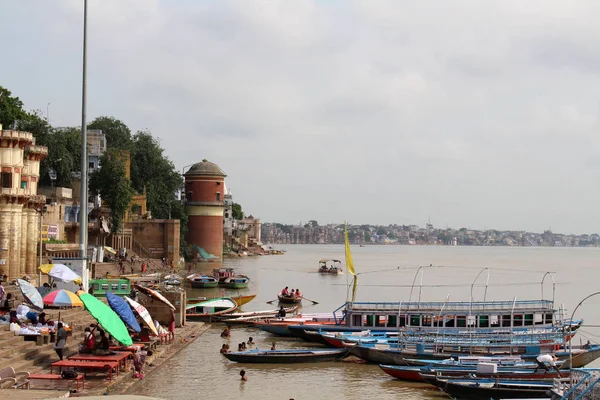 Traducción Paisaje Los Ghats Varanasi Por Ganges Tomado India Agosto —  Fotos de Stock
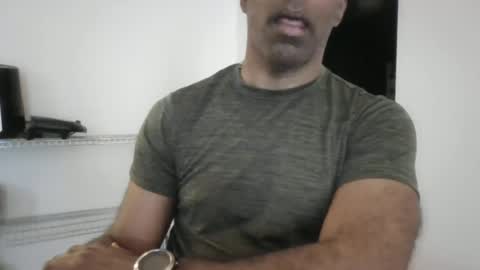 Snapshot of lamanta72hot chatting on July 4, 2026, 3:29 pm lamanta72hot online show from July 4, 2026, 3:29 pm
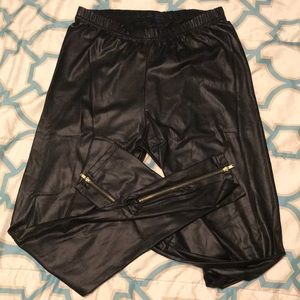 Black Pleather Leggings with zipper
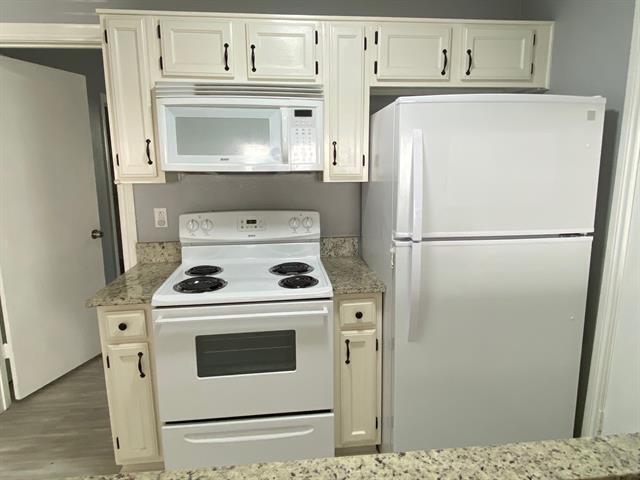 Building Photo - 226 Samuel Blvd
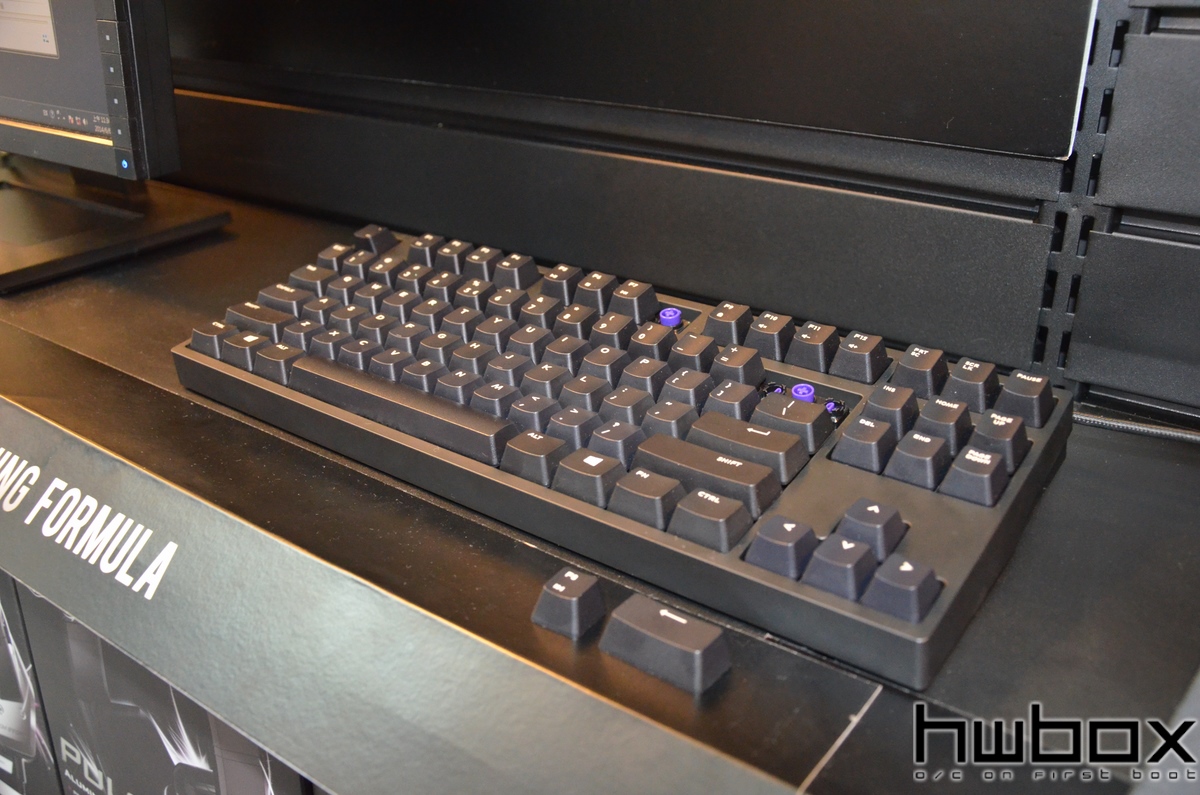 HWBOX @ Computex 2014: CMStorm Booth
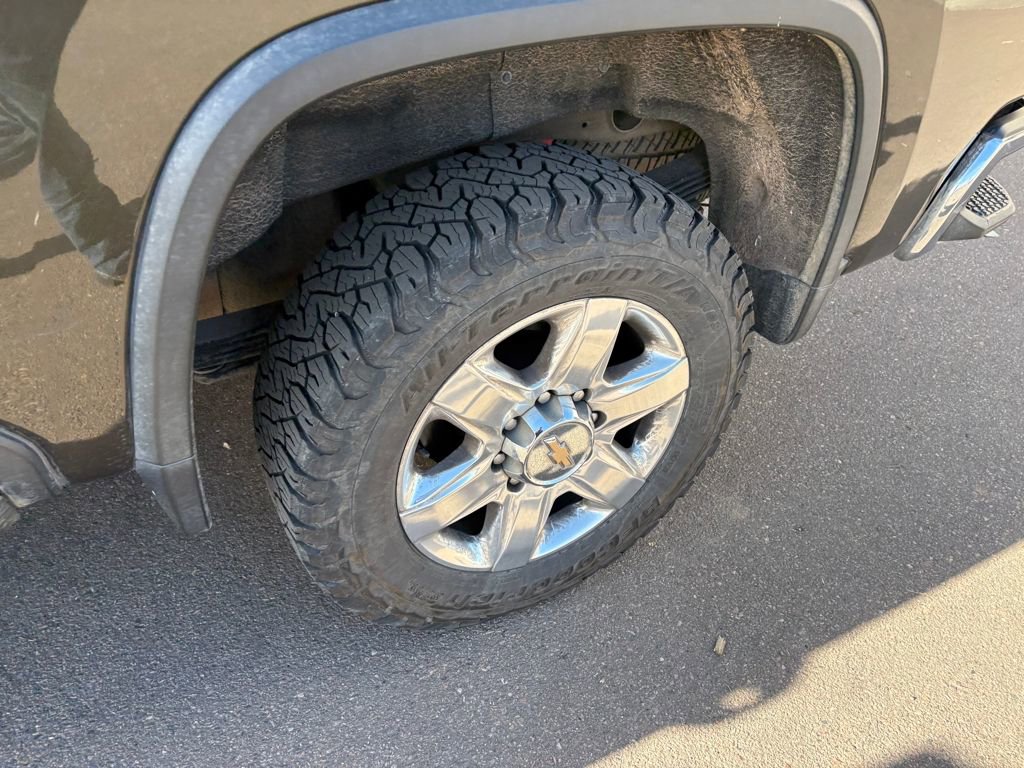 Used 2022 Chevrolet Silverado 2500 LTZ w/ LTZ Premium Package image 10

• INSTRUCTIONS FOR THE TASK
Your answer must be the lines from the one containing "Black Pleather Leggings with zipper" through the last line of the records, both included, written out exactly and without pictures.

• ANSWER AREA
 Black Pleather Leggings with zipper
 Building Photo - 226 Samuel Blvd
 HWBOX @ Computex 2014: CMStorm Booth
 Used 2022 Chevrolet Silverado 2500 LTZ w/ LTZ Premium Package image 10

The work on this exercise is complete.